CSU trustees upset about union hits on chancellor
San Francisco Chronicle 3/15/07
It was the trustees most vocal response to increasing strife between Chancellor Charles Reed and the 23,000-member faculty union, whose members are angry because they haven't received a pay raise in four years. Differences over pay is the key issue and the union is taking a strike vote among its membership.
Roberta Achtenberg, who chairs the Board of Trustees, told her colleagues at their meeting in Long Beach on Wednesday that the efforts "to sully the reputation for integrity of the chancellor, the staff or the board (are) reprehensible and unbecoming of this institution."
Jeff Bleich, the board's vice chairman, criticized posters and fliers that have appeared above urinals in university restrooms and other locations around the 23-campus system, which refer to the chancellor as "Charles Greedy Reed."
"There is not anything greedy about Charles Reed," Bleich said. "He manages the largest and most complicated university system in the world, and he is entitled to the highest compensation among university chief executives. To call him greedy is to assassinate his character and be reckless. These types of activities degrade us all."

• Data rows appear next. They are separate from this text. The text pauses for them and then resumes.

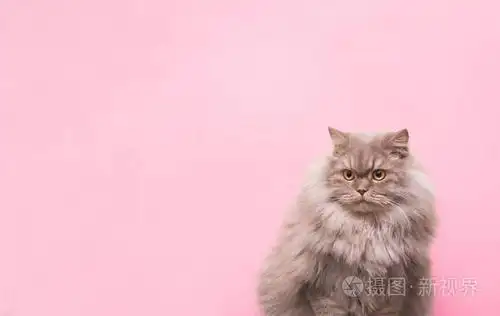 美丽的成年猫,粉红色的背景和一个地方的文字在右边. 宠物概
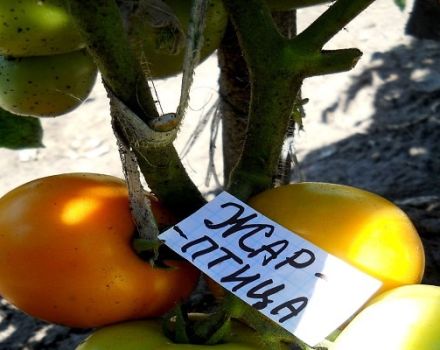Description of the tomato variety Firebird, cultivation features and yield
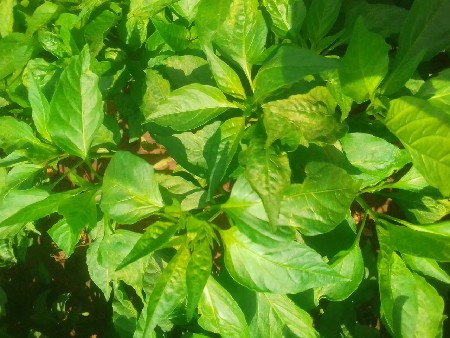 थंबनेल 3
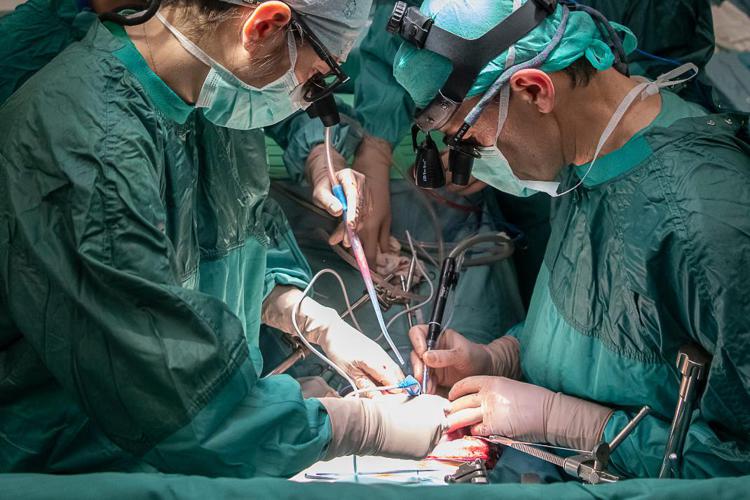 Trapianti, seconda paziente riceve rene maiale negli Usa, operata anche al cuore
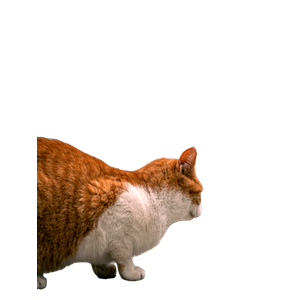 An Orange And White Cat Standing Next To Another Cat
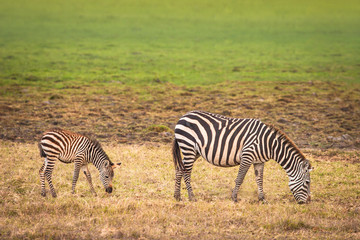 zebra with the baby. African zebra in the savannah.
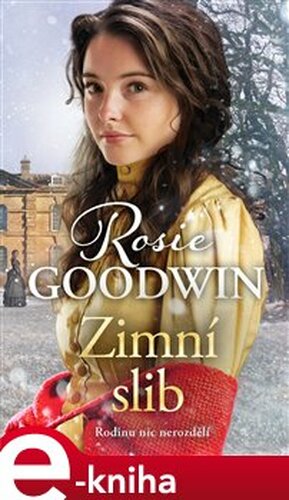 Zimní slib - Rosie Goodwin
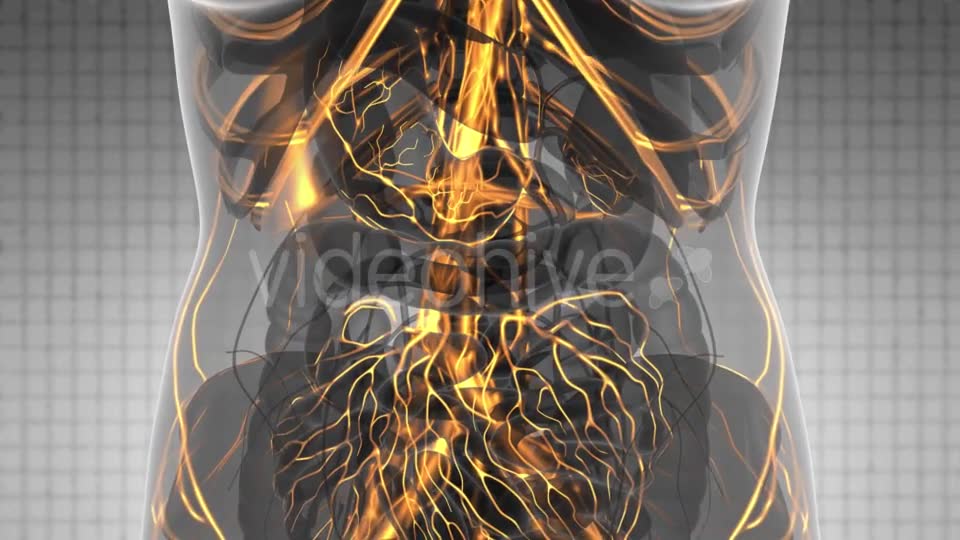 Human Body with Glow Blood Vessels - Download Videohive 21166517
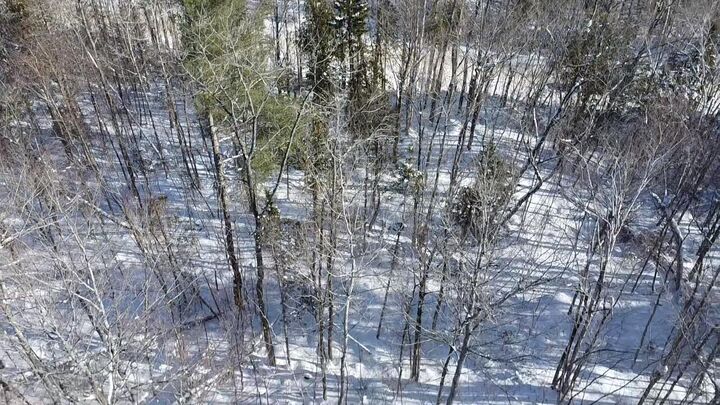 Property Photo: Lot 7 Curtis Farm Road ME 04457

He said Reed -- who receives a salary of about $377,000 a year, plus a $30,000 retirement supplement from the CSU Foundation, as well as state housing -- is underpaid when compared to top administrators at other major universities.
Bleich also castigated faculty members and students for disrupting several of Reed's public and private speaking engagements, and asked the leadership of the California Faculty Association to repudiate these kinds of protests.
Trustee Debra Farar also spoke of her regret and sadness that Reed has come under fire.
"This board is not ignorant or uninformed about what is going on. All of the board supports the chancellor," Farar said. "He works tirelessly for this university. The chancellor is the best thing to happen to this university system."
Trustee Herbert Carter said the faculty union was engaging in "swift boat tactics" and "the politics of personal destruction."
"I am disgusted with some of the tactics," said Trustee Melinda Guzman, referring to an episode when dead flowers were left outside the State University House in Long Beach, where the chancellor lives. "It doesn't need to get personal."
Alice Sunshine, a spokeswoman for the faculty union, attributed the protests to Reed's misplaced priorities. "The feeling is that he goes around the country telling how great things are in the CSU, and there's another story to be told," she said. "There's been a lot of satire and some anger on the part of the faculty that has been expressed. I think part of it is frustration that they haven't been heard or listened to by the trustees. But the dead flowers we don't know anything about. That's not us."
Reed did not address the recent protests in his remarks to the trustees, except to note: "I want to thank you, board, for your trust and your confidence."